FPGAN: An FPGA Accelerator for Graph Attention Networks With Software and Hardware Co-Optimization

The Graph Attention Networks (GATs) exhibit outstanding performance in multiple authoritative node classification benchmark tests (including transductive and inductive). The purpose of this research is to implement an FPGA-based accelerator called FPGAN for graph attention networks that achieves significant improvement on performance and energy efficiency without losing accuracy compared with PyTorch baseline. It eliminates the dependence on digital signal processors (DSPs) and large amounts of on-chip memory and can even work well on low-end FPGA devices. We design FPGAN with software and hardware co-optimization across the full stack from algorithm through architecture. Specifically, we compress model to reduce the model size, quantify features to perform fixed-point calculation, replace multiplication addition cell (MAC) with shift addition units (SAUs) to eliminate the dependence on DSPs, and design an efficient algorithm to approximate SoftMax function. We also adjust the activation functions and fuse operations to further reduce the computation requirement. Moreover, all data is vectorized and aligned for scalable vector computation and efficient memory access.
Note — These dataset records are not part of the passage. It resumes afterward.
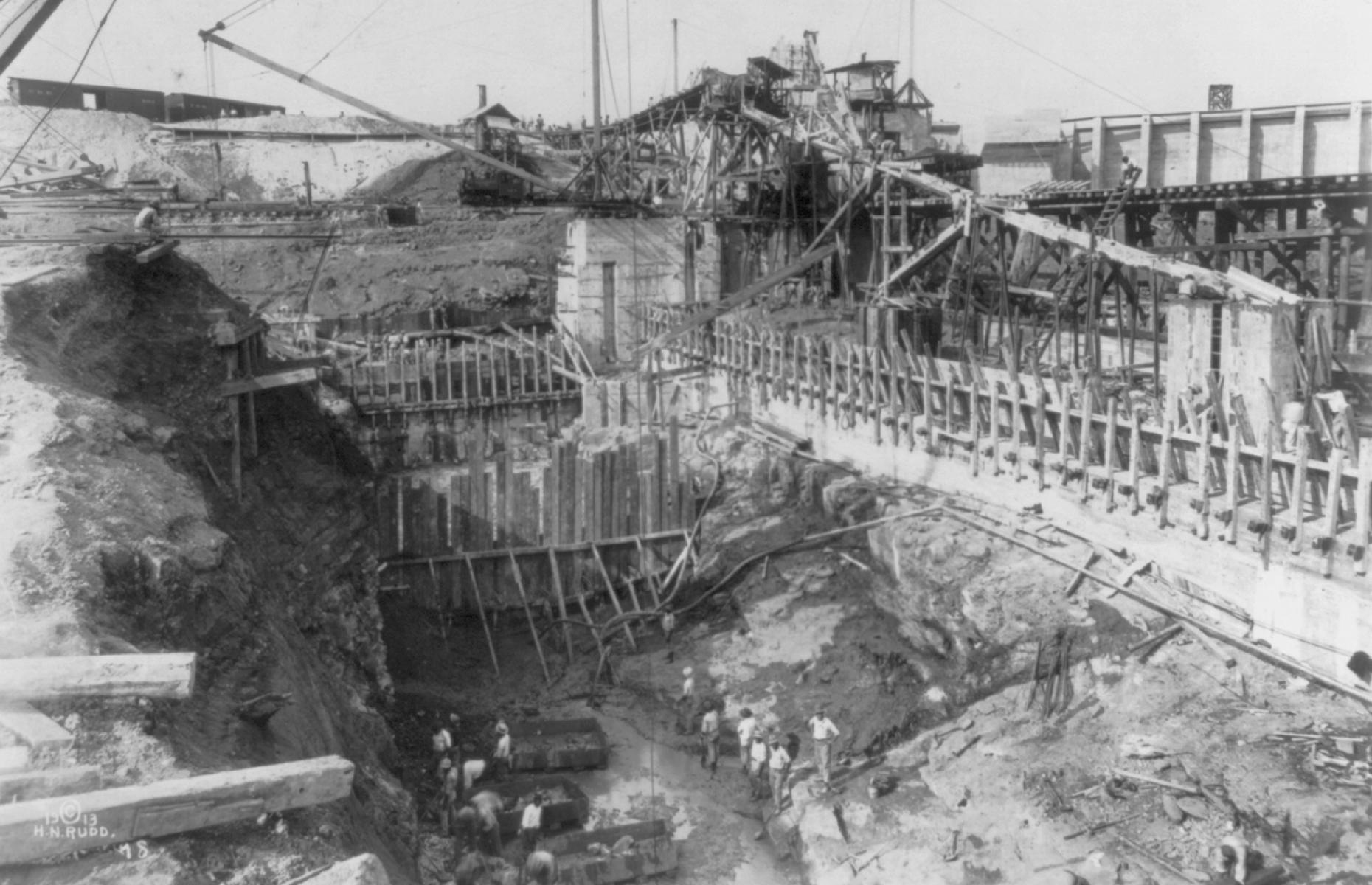 Construction 1904-1914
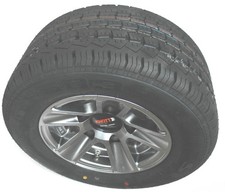 2 x Komplettrad 195 55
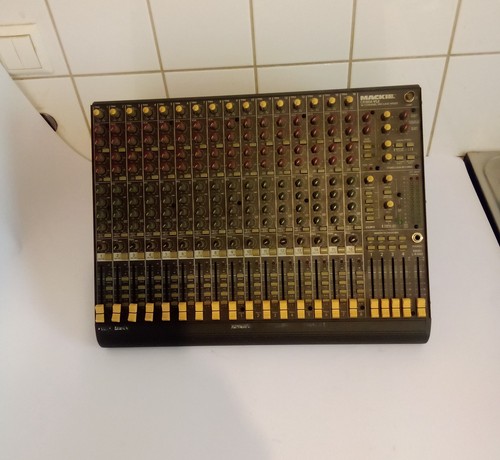 Mackie cr1604 vlz mixer - mackie,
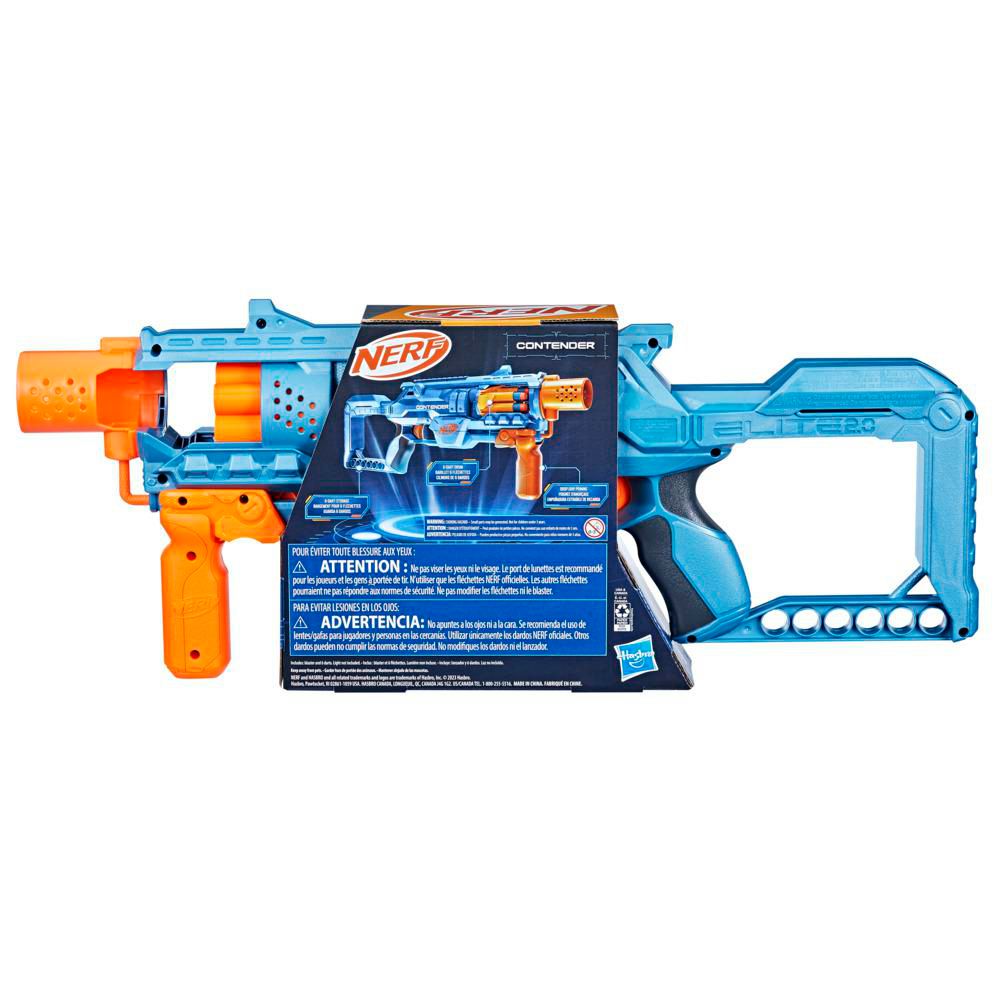 Lanzador Elite 2.0 Contender 6 Dardos NERF img #4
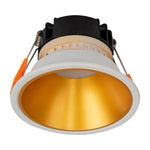 Havit Lighting Lighting Gleam LED Downlight 9w Black, White CCT HV5528D2W Havit Lighting Lights-For-You HV5528D2W-WG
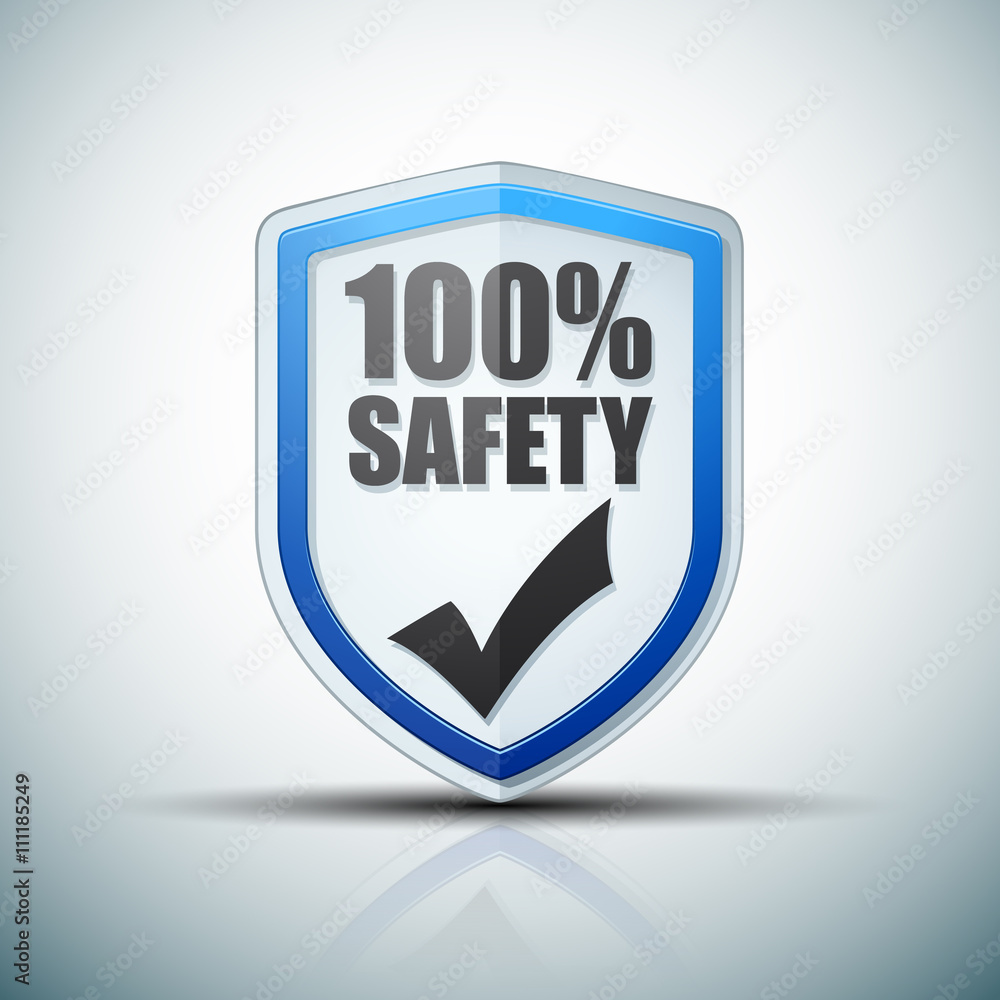 100% Safety shield 100% Safety shield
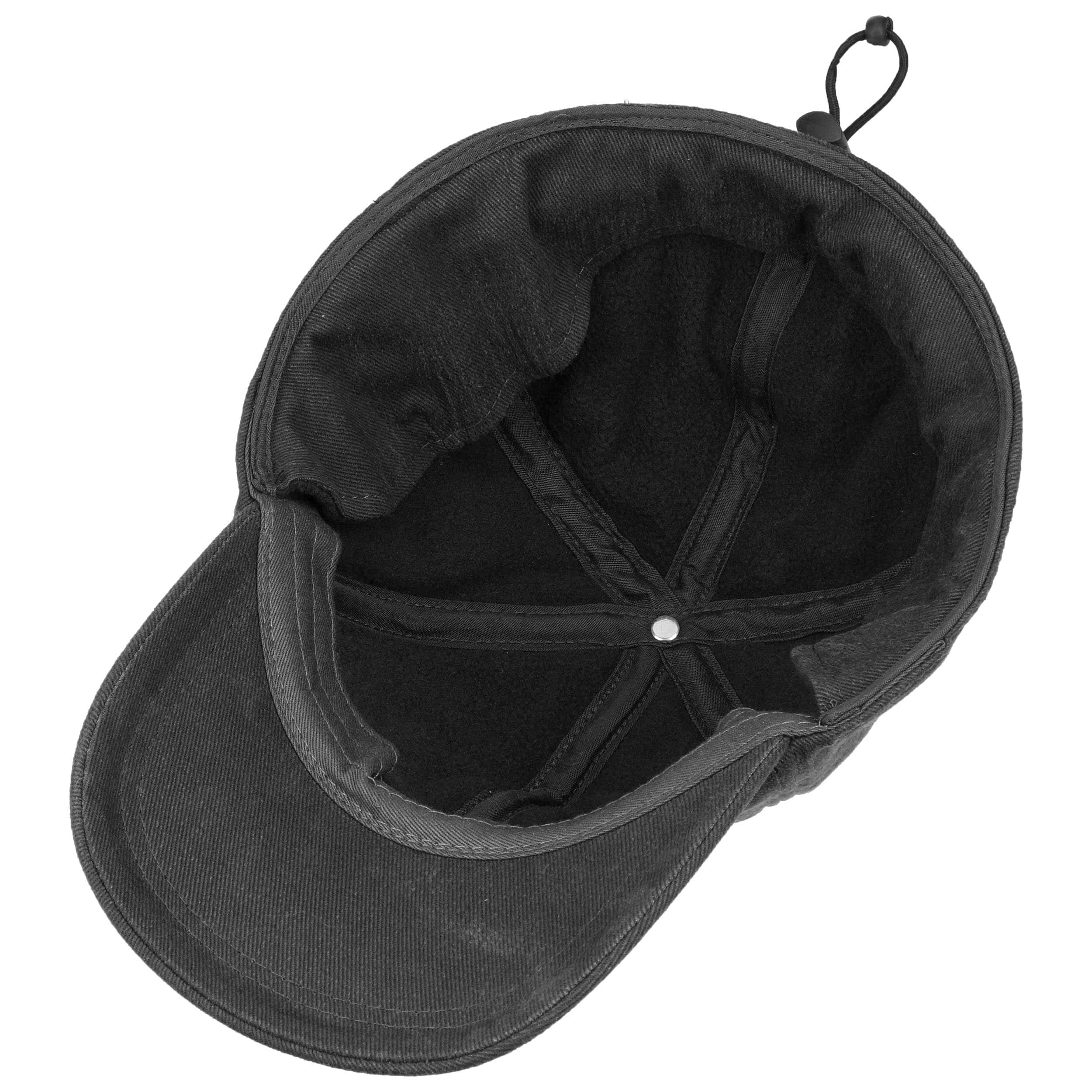 thinsulate hat with ear flaps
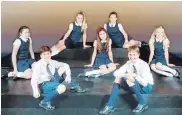  ??  ?? Spotlight on Young Artists features eight kids from Lena Palermo’s Broadway Bound program.
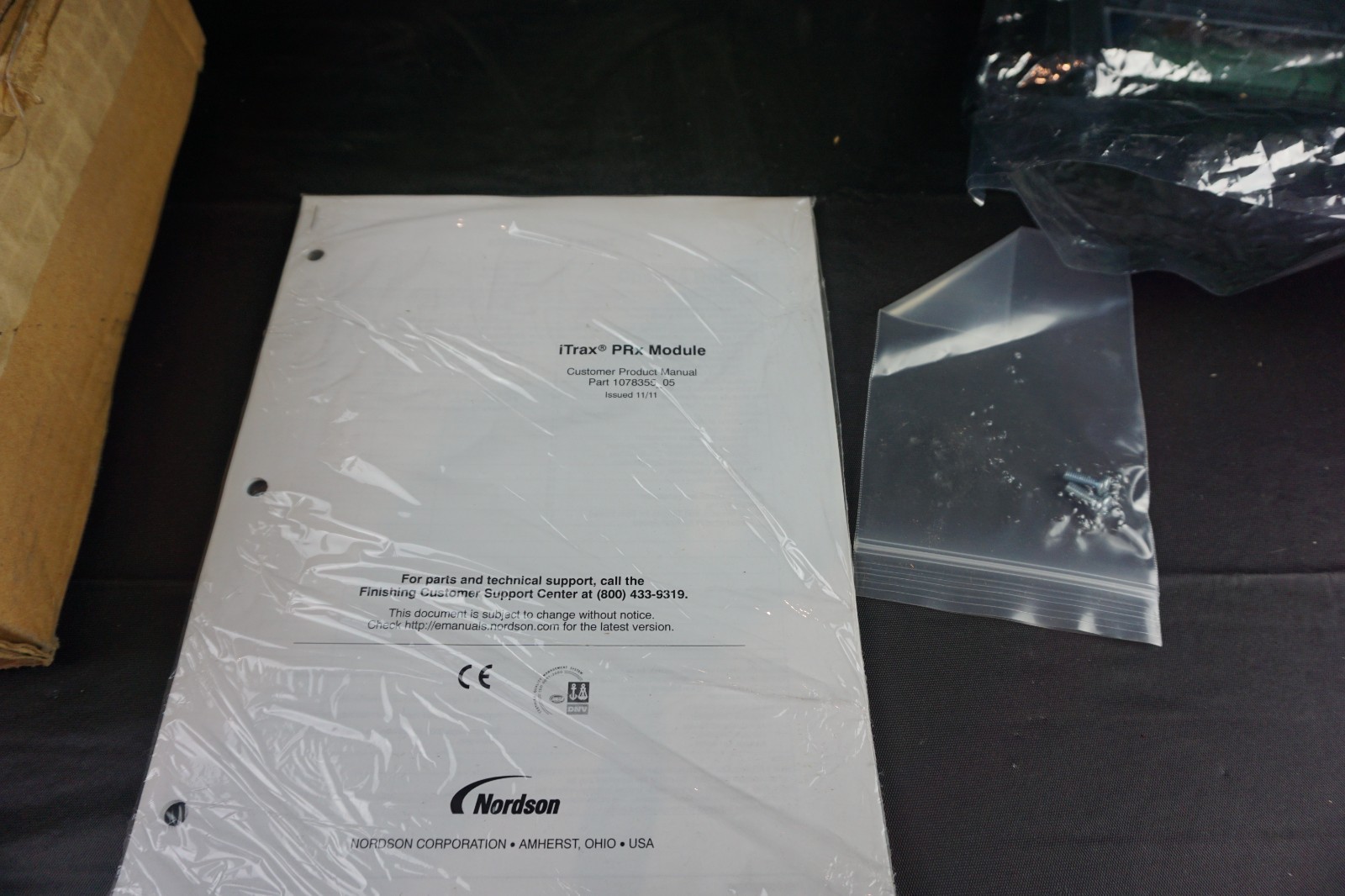 Nordson iTrax PRx II Control Module 1107573 NEW Open Box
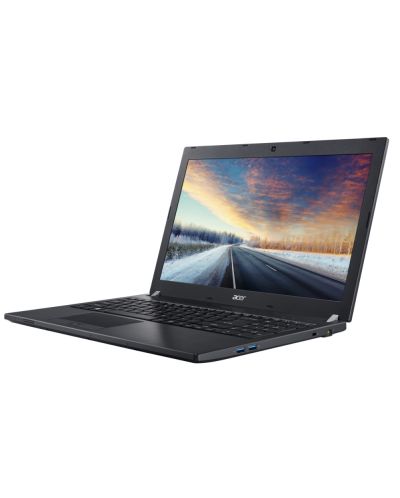 Acer TravelMate P658-G2-MG, Intel Core i7-7500U (up to 3.10GHz, 4MB), 15.6" FullHD (1920x1080) IPS Anti-Glare, HD Cam, 8GB DDR4, 500GB HDD+128GB SSD, NVIDIA GeForce 940MX 2GB DDR5, 802.11ad, BT 4.0, Backlit Keyboard, FingerPrint, MS Win 10 Pro - 3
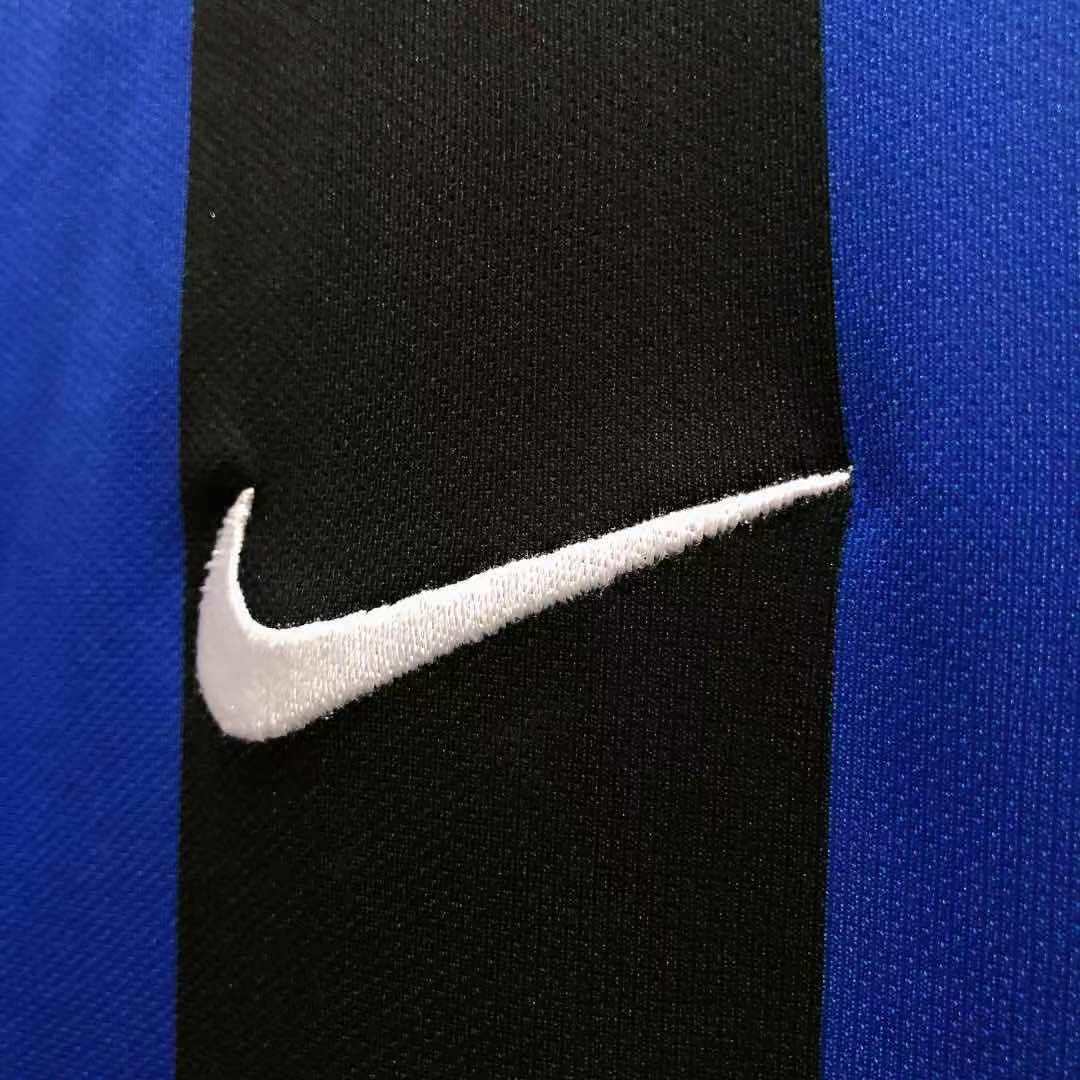 Maillot Inter Milan 2008/09 Domicile Rétro — Ligue des Champions — vue 4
All the above optimizations are integrated into a universal hardware pipeline for various structures of GATs. We evaluate our design on an Inspur F10A board with an Intel Arria 10 GX1150 and 16 GB DDR3 memory. Experimental results show that FPGAN can achieve 7.34 times speedup over Nvidia Tesla V100 and 593 times over Xeon CPU Gold 5115 while maintaining accuracy, and 48 times and 2400 times on energy efficiency respectively.